• **SUPPLIED DATA**:
- - - - - - -

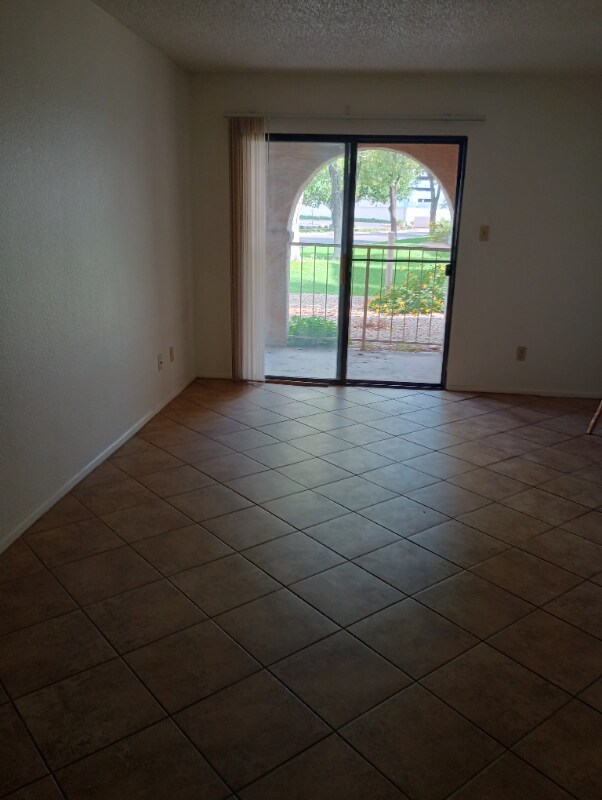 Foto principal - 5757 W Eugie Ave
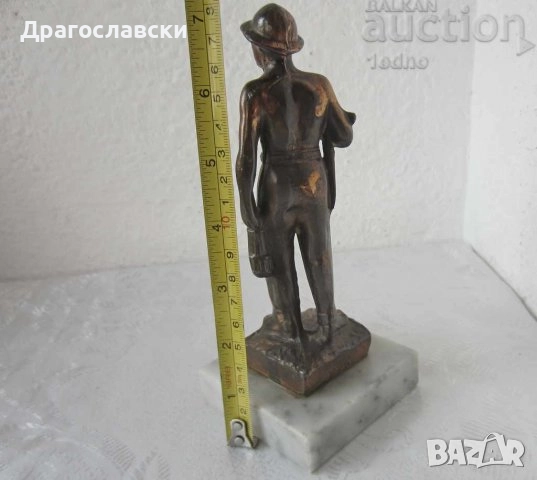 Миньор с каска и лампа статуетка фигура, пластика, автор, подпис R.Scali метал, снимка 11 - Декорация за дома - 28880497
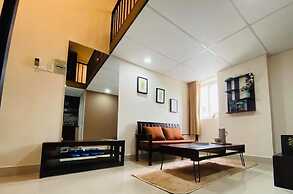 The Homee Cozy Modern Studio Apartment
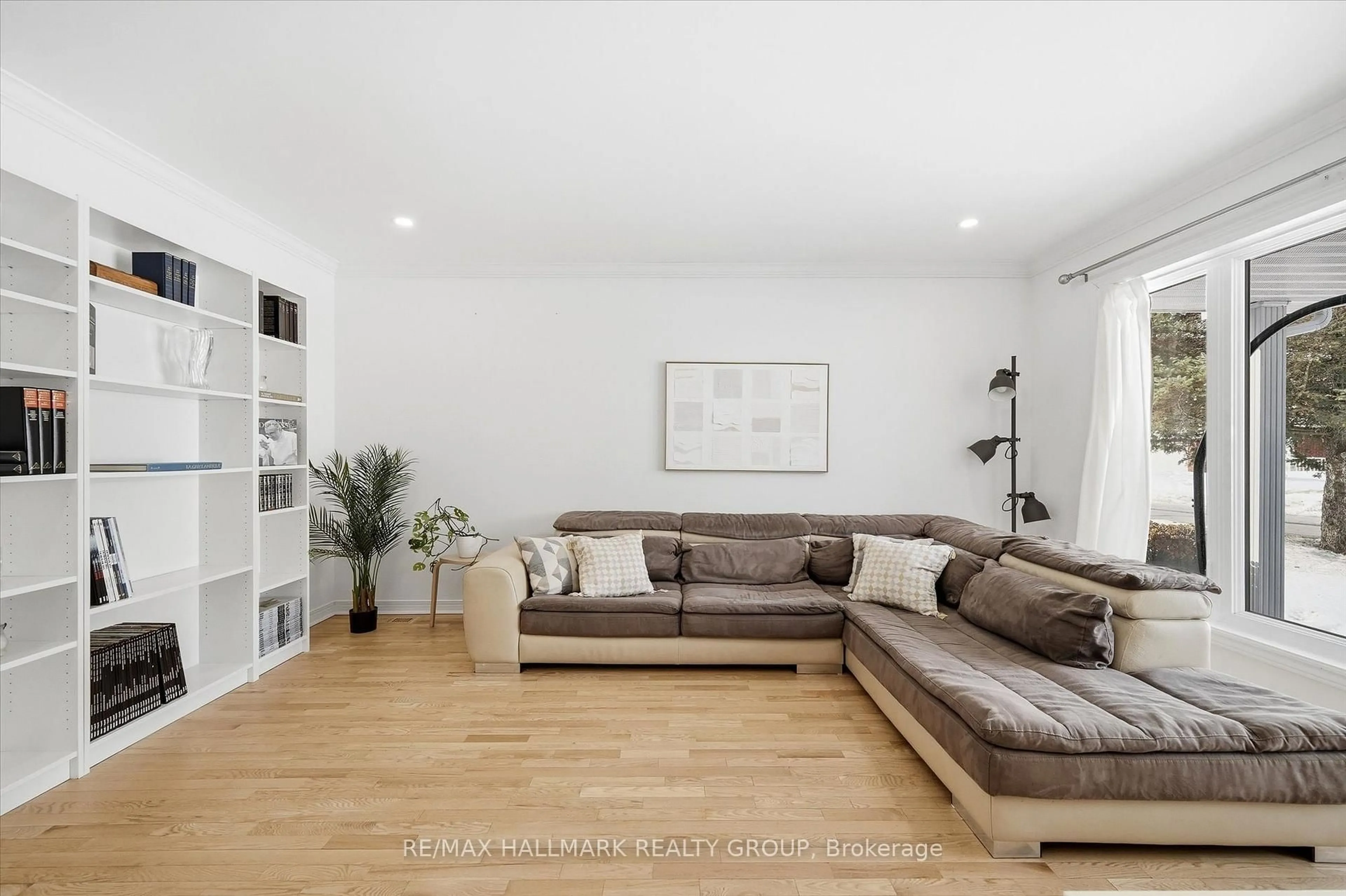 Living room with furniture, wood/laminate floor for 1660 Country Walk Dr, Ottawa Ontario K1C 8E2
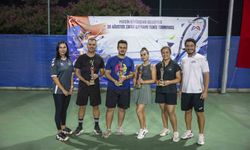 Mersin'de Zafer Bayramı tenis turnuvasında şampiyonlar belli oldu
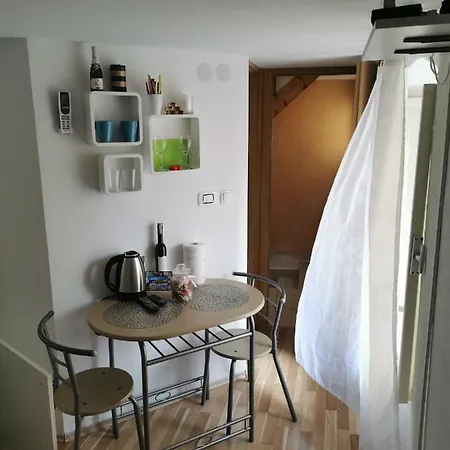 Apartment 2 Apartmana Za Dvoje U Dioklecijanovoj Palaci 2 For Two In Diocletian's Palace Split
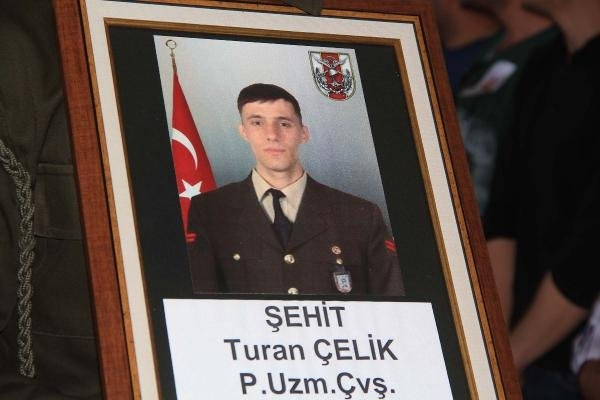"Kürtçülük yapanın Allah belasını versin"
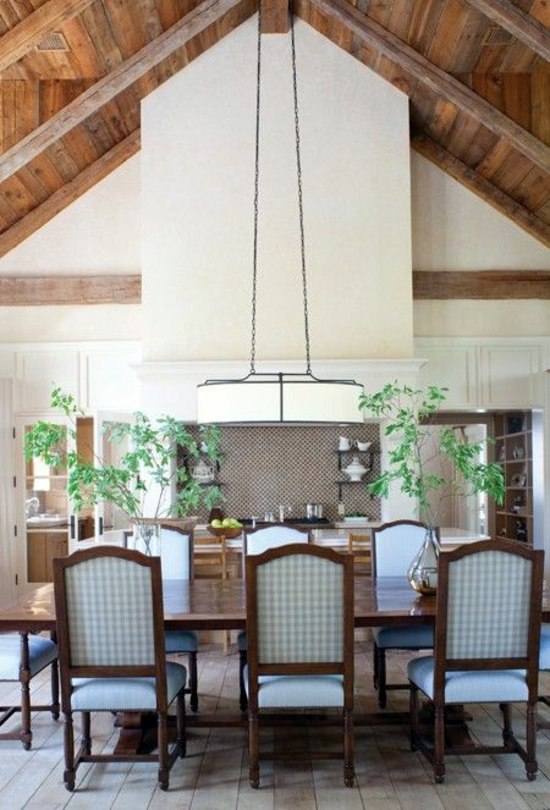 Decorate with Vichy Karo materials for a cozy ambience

- - - - - - -

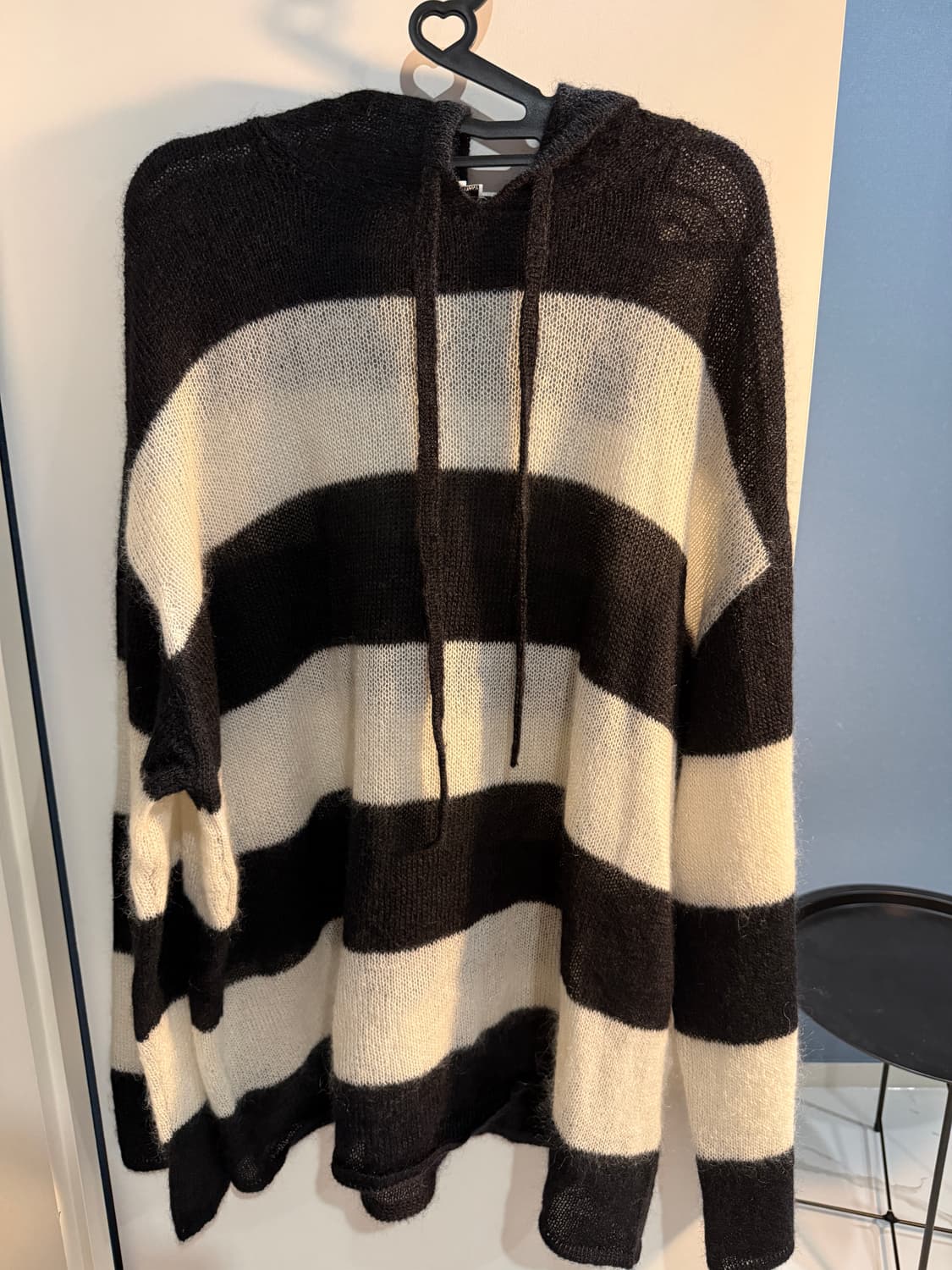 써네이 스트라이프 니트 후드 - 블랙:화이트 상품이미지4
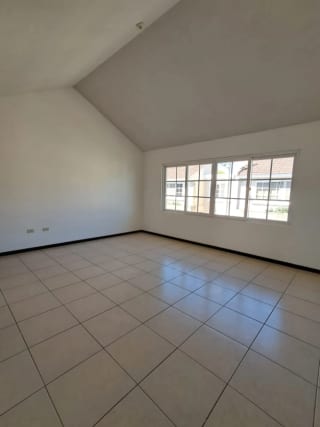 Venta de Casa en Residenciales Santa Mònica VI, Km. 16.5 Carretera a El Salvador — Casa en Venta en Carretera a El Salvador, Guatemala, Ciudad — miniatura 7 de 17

- - - - - - -

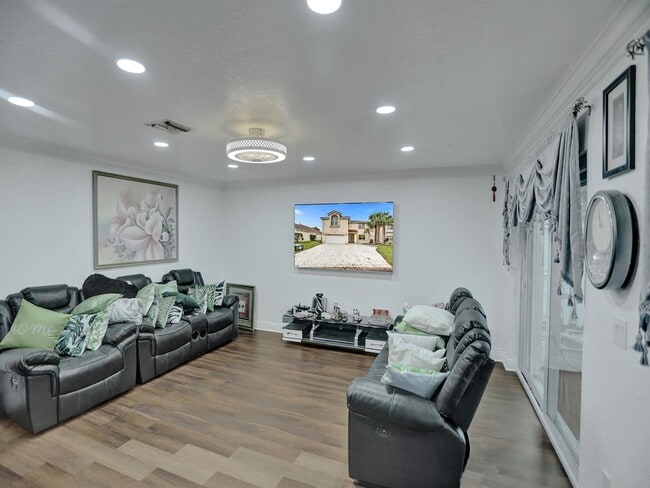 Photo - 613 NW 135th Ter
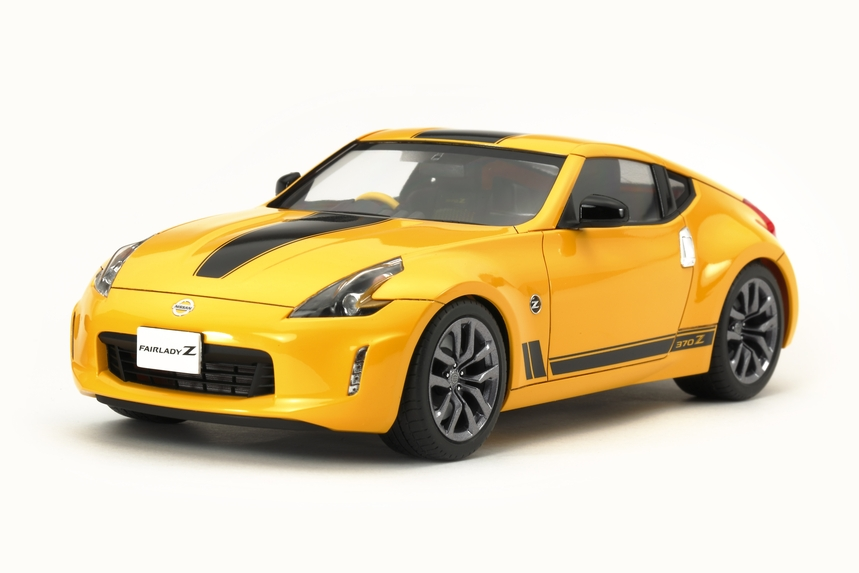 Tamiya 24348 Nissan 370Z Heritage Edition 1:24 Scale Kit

- - - - - - -

• **YOUR GOAL**: From the material above, reproduce only what runs from the line holding "yapanın Allah belasını" down to the line holding "Decorate with Vichy", both included, pictures excluded.

• **YOUR RESPONSE**:
"Kürtçülük yapanın Allah belasını versin"
 Decorate with Vichy Karo materials for a cozy ambience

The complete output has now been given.